Equipment or Weapon?

April 06, 2011

Developing Policies for Use of Martial Arts and Other Sports Weapons

Tamsen K. Burke
Associate Professor, Asst. Chair,
University of Chicago

In 2004, a student entered a university athletic facility with a ‘kama’ intending to practice the weapon in an area which was identified as the dance/martial arts room. If you are unfamiliar with a kama, it is a weapon of Okinawan origin that resembles a traditional harvesting sickle. The student was stopped at the facility entrance and questioned about his affiliation with a recognized martial art club. Having no such affiliation, the student explained that he wanted to use the room to practice with the weapon. He was denied access and the campus police were contacted to escort him from the premises.
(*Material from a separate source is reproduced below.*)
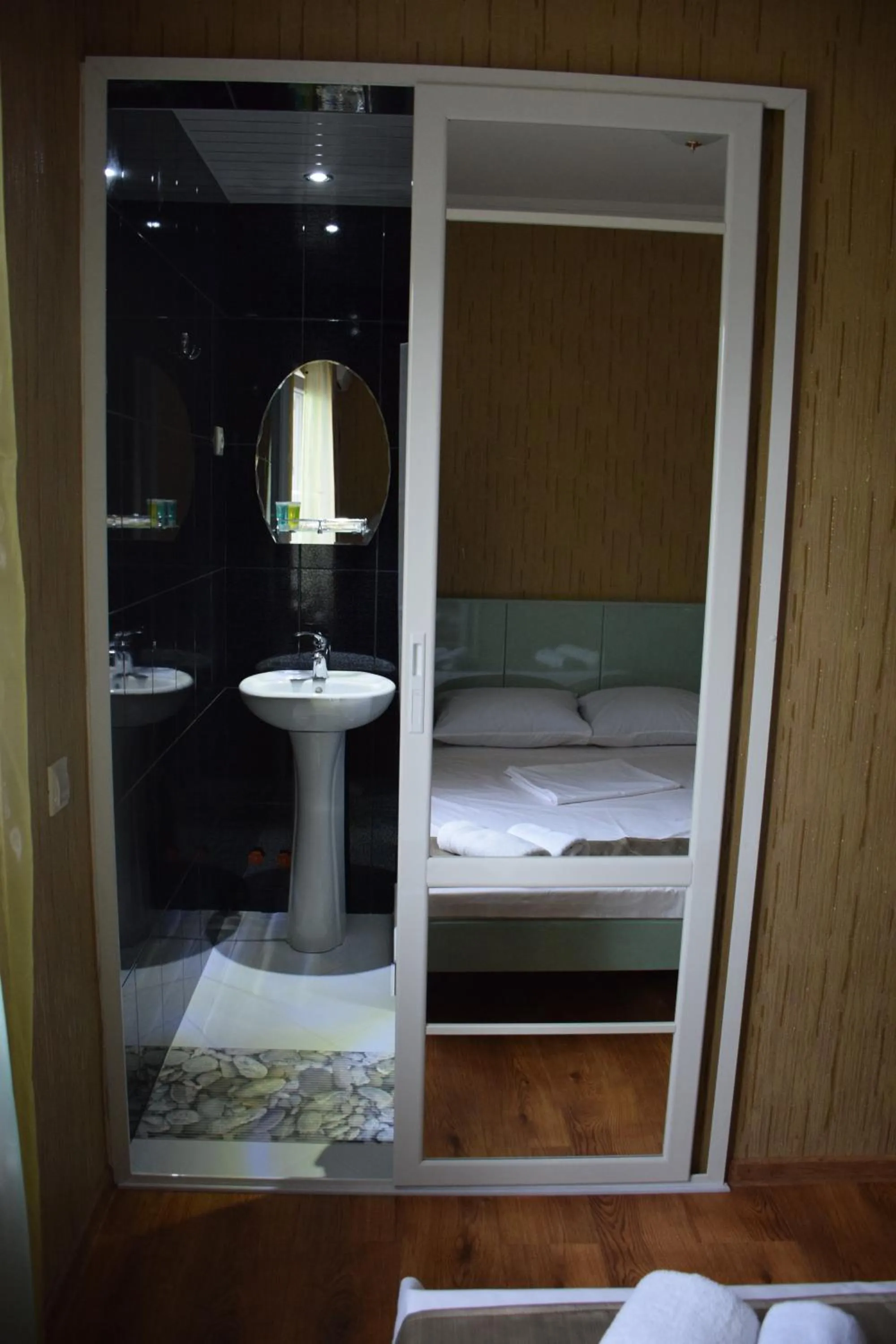 Bathroom, Bed in Crossway Tbilisi Hotel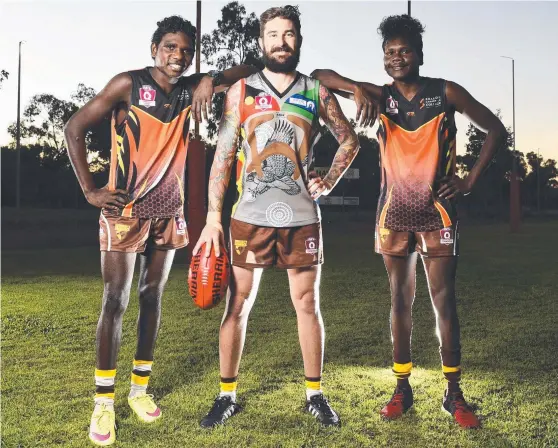  ?? Picture: ZAK SIMMONDS ?? KEEN: University Hawks skipper Ben Deguara in the special jersey with indigenous players Bobby Gaykamangu, 16, and Moses Gaykamangu, 16.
The weapon was confiscated and the student was arrested for carrying a dangerous weapon on university property.

With the risks associated with potential litigation, and a lack of congruity between governing university policies, state laws and the sport/art mastery utilizing weapons, there is a need to establish guidelines for the use of weapons within the framework of sport club administration.

In September 2006, this author conducted research to identify the validity of the equipment and weapon definitions on college campuses. Three hundred and fifty one NIRSA institutions of varying size, region, and student populations were examined with a goal of identifying the existence and nature of institutional policies that govern the use of weapons on campus. Not surprisingly, 100% of the institutions researched have written policies that clearly defined weapons within the context of on-campus sport clubs and student organizations. Moreover, of the 351 NIRSA institutions researched, 87% had recognized fencing, archery, paintball/gun related, and martial art sport clubs within the institutions.

Despite the pervasive existence of weapons policies in institutions of higher education, this research discovered a remarkable diversity in the substance of those policies, many of which were designed to address the use of weapons in a variety of contexts, including theatrical performance organizations and sports clubs. Structurally, the policies share a common framework, which include:

1. Purpose for the policy;
2. Definition of weapon; dangerous or deadly;
3. Identification of equipment considered weapons (hand gun, rifle, brass knuckles, knives, archery; bows and arrows, sabers, any martial art weapons or electronic defense weapons);
4. Explanation of policy and procedure for implementation, and discipline; and
5. Identification of authorized personnel.

In recognition of the complexity of weapons policies on campuses, and the wide variations found in existing policies, it would seem prudent to devise a substantive framework for weapons policies that is consistent and practical, and can adequately govern sport club weapon registration, inventory, inspections, and storage. The policies should also take into consideration the guidelines established by governing organizations, such as U.S. Fencing, U.S. Archery, and several martial arts organizations for weapon registration, inventory, inspections, safety, instruction, security, and storage.

The following are general guidelines that will assist administrators, coaches, and instructors in developing a weapons policy. You should consult with an attorney for compliance with your State and Federal law.

All equipment designated as a weapon must adhere to the following policies and procedures:

1. All weapons must be used only for the approved recognized program(s).
2. All equipment and weapons must be:
a. Registered, providing a detailed description of the weapon(s) with serial number, and ammunition;
b. Inspected by an approved agent or representative of the club;
c. Secured in an approved locked cabinet.
3. The owner or possessor of the weapon should be issued an “authorization to possess weapon” card.
4. The owner or possessor of the weapon must sign the weapon in and out through the equipment safety officer of the club.
5. Broken or damaged weapons should be discarded in accordance with university policies and procedures.
6. The possession or storage of any weapon or ammunition, including disassembled or display weapons, are prohibited in campus residential housing property.
7. Weapons may not be used outside of the recognized sport club approved practice times in the athletic facilities or competitions without prior notification and approval by the responsible agent (sport club administrator).
8. Weapons may not be used without instruction and supervision by sport club officers, instructors or coaches.
9. It is recommended that weapons be of wood, rubber or approved metal composite.
10. Personal weapons, to be used by approved members, brought to university facilities for the purpose of club participation must be transported in approved locked containers in accordance with applicable State and Federal law. Upon arrival, the above weapons procedures shall be followed.

Hopefully, establishing a policy for weapons similar to the one described above will allow students to freely practice martial arts, fencing, archery and other similar sports, without the threat of being arrested by campus police as in the above example. With proper planning and foresight, weapons can be used safely while allowing students to master the skill of their sports.